Im Untergeschoss des Reichstagsgebäudes befindet sich das „Archiv der Deutschen Abgeordneten“, ein Kunstwerk des Franzosen Christian Boltanski. Das symbolische Archiv besteht aus ungefähr 5.000 Metallkästen. Sie sind mit den Namen jener Abgeordneten beschriftet, die von 1919 bis 1999 demokratisch ins Parlament gewählt wurden. Blickpunkt Bundestag stellt in loser Folge einige Parlamentarier vor.
Wer etwas bewegen will, muss Initiative ergreifen. Das hat sich Friedrich Naumann offenbar zu Herzen genommen. Denn für seine Ideen und Ziele hat er sich die Plattformen häufig selbst geschaffen.

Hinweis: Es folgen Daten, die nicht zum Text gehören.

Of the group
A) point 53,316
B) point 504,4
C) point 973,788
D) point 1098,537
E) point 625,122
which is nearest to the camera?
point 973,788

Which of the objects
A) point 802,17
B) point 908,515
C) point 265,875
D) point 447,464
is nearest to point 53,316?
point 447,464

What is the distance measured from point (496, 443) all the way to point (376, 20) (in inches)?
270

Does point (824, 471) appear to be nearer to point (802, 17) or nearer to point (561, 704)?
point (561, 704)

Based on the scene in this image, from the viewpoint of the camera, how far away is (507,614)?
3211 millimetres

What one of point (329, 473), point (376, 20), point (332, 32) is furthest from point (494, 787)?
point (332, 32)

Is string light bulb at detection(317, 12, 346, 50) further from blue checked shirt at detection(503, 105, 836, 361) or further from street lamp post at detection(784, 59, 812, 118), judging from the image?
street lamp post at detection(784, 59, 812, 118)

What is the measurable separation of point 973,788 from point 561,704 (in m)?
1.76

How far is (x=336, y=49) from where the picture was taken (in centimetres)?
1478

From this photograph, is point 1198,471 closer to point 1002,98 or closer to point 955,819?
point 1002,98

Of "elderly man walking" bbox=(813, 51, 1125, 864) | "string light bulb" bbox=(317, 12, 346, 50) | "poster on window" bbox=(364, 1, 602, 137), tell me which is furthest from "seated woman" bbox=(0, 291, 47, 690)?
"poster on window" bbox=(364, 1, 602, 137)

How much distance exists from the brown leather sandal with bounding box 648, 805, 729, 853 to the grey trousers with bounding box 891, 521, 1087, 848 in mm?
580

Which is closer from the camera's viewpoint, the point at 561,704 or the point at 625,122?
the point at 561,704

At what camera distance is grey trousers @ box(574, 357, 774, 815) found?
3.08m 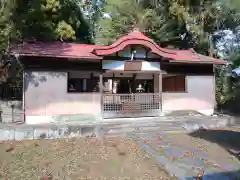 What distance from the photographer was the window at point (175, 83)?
1580 centimetres

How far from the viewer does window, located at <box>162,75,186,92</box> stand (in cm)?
1580

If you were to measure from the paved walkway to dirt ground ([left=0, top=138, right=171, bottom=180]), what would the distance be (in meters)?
0.33

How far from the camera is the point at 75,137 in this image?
1093cm

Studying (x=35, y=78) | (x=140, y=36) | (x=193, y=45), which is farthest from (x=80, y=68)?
(x=193, y=45)

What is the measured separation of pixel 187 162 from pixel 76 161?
3284 mm

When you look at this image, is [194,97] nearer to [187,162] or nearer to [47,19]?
[187,162]

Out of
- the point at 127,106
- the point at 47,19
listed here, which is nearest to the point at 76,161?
the point at 127,106

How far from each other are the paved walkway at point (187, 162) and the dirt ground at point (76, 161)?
33 centimetres

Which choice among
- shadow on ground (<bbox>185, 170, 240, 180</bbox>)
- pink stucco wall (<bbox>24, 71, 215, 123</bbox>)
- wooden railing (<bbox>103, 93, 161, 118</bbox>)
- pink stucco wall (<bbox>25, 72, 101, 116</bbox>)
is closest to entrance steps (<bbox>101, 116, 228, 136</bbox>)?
wooden railing (<bbox>103, 93, 161, 118</bbox>)

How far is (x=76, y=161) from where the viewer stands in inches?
315

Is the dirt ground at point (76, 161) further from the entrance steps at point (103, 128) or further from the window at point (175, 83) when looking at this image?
A: the window at point (175, 83)

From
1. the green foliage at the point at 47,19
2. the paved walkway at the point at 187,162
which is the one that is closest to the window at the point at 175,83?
the paved walkway at the point at 187,162

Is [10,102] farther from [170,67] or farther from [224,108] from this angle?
[224,108]

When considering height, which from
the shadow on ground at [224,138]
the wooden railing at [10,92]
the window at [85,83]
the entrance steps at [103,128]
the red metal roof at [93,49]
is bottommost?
the shadow on ground at [224,138] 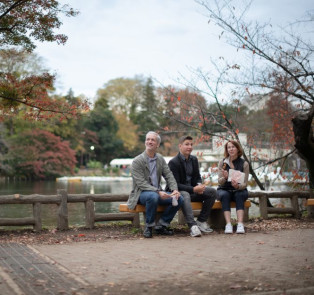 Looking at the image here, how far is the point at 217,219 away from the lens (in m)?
7.18

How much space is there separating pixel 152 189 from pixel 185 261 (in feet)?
6.30

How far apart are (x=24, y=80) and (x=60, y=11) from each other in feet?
4.87

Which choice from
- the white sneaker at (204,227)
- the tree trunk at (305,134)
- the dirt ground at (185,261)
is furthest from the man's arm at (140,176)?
the tree trunk at (305,134)

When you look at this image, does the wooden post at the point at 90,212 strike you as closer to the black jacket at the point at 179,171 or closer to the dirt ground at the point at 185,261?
the dirt ground at the point at 185,261

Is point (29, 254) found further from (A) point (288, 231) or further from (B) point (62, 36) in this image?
(B) point (62, 36)

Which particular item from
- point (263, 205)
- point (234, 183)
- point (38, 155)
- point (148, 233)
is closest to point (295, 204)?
point (263, 205)

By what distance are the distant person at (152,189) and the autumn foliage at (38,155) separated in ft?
110

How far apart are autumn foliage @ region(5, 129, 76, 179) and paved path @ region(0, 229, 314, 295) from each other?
114ft

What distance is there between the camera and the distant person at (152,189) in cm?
620

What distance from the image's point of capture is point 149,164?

Friedrich Naumann wurde am 25. März 1860 als Sohn eines Pfarrers in Störmthal bei Leipzig geboren. Da lag es nahe, dass er zunächst einmal Theologie studierte und im Jahr 1886 eine eigene Pfarrstelle im Erzgebirge übernahm. 1890 wurde er Vereinsgeistlicher der Inneren Mission am Rauhen Haus in Hamburg. Die Arbeit weckte seine sozialpolitischen Interessen, er trat zunehmend für eine grundlegende Erneuerung des Protestantismus ein. Acht Jahre später gab Naumann sein Pfarramt auf und zog nach Berlin. Er veröffentlichte das Programmbuch „Demokratie und Kaisertum“ sowie die Studie „Neudeutsche Wirtschaftspolitik“, in der er das Konzept eines „Industrieparlamentarismus“ entwickelte und sich für die freie Entfaltung der Gewerkschaftsbewegungen aussprach.
Bereits während seines Studiums war er Mitbegründer des national gesinnten „Vereins Deutscher Studenten“, aus dem er später aus politischen Gründen wieder austrat. Zur Verbreitung seiner sozialpolitischen Ideen rief er 1895 die Wochenschrift „Die Hilfe“ ins Leben. 1896 gründete er dann den „Nationalsozialen Verein“, der unter dem Einfluss des Soziologen Max Weber für ein „demokratisches Kaisertum“, Sozialpolitik und eine expansive Außenpolitik Deutschlands eintrat. Nach der Auflösung des Vereins 1903 wurde Friedrich Naumann Mitglied der linksliberalen „Freisinnigen Partei“ und setzte sich unter anderem für die Aufhebung des preußischen Dreiklassenwahlrechts ein. 1907 hat er den Deutschen Werkbund mitbegründet, eine Vereinigung von Künstlern und Industriellen. Im gleichen Jahr wurde er Mitglied im Reichstag, was er (mit kurzer Unterbrechung) bis 1918 blieb. Friedrich Naumann engagierte sich zudem für die Vereinigung der linksliberalen Gruppierungen zur „Fortschrittlichen Volkspartei“ (FVP) und sprach sich für eine parlamentarische Zusammenarbeit mit der SPD aus. 1917 gründete er die Staatsbürgerschule in Berlin, ein Jahr später wurde er zum Mitbegründer der Deutschen Demokratischen Partei (DDP). Er wurde Parteivorsitzender der DDP und Mitglied im Verfassungsausschuss der Weimarer Nationalversammlung.
Am 24. August 1919 starb der Theologe und Politiker Friedrich Naumann, der christliche Überzeugung mit sozialem Liberalismus vereinte, nach längerer Krankheit in Travemünde. Seine Ideen leben in der nach ihm benannten Stiftung fort.